State only the number of lines below where the word "Image" is found.

# Extracted entries
- - - - -

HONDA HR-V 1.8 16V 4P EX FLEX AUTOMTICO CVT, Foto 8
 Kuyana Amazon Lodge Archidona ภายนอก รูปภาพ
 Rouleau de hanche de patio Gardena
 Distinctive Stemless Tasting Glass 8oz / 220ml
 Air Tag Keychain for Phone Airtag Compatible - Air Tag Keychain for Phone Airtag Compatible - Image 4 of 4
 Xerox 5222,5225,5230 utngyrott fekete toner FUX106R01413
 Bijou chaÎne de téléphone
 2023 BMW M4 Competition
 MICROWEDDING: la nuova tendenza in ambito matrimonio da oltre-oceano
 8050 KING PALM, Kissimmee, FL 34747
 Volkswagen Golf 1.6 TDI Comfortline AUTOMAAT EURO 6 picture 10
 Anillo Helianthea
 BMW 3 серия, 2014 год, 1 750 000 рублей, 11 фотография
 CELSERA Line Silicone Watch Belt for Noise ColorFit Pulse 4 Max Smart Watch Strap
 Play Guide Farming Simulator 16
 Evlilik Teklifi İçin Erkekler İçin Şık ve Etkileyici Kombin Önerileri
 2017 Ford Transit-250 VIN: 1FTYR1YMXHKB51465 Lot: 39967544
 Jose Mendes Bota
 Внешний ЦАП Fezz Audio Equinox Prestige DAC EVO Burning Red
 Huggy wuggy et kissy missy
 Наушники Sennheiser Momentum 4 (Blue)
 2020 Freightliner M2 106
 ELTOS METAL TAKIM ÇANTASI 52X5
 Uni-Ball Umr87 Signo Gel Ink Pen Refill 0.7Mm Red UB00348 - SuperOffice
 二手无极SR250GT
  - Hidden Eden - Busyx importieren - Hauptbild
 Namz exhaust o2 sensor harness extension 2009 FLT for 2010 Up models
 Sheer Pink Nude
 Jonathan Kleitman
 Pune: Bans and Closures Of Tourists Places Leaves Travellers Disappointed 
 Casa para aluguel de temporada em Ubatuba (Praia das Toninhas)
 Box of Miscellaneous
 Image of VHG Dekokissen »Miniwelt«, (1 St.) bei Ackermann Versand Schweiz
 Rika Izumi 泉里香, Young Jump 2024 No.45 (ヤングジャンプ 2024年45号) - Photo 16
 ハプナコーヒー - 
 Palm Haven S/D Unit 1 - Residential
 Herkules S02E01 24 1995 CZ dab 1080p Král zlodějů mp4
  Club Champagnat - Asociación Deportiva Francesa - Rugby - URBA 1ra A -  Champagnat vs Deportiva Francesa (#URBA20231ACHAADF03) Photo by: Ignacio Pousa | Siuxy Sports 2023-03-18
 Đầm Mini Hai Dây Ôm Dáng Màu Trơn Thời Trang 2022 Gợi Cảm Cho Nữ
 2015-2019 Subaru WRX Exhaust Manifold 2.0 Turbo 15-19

- - - - -

# Answer to this exercise
2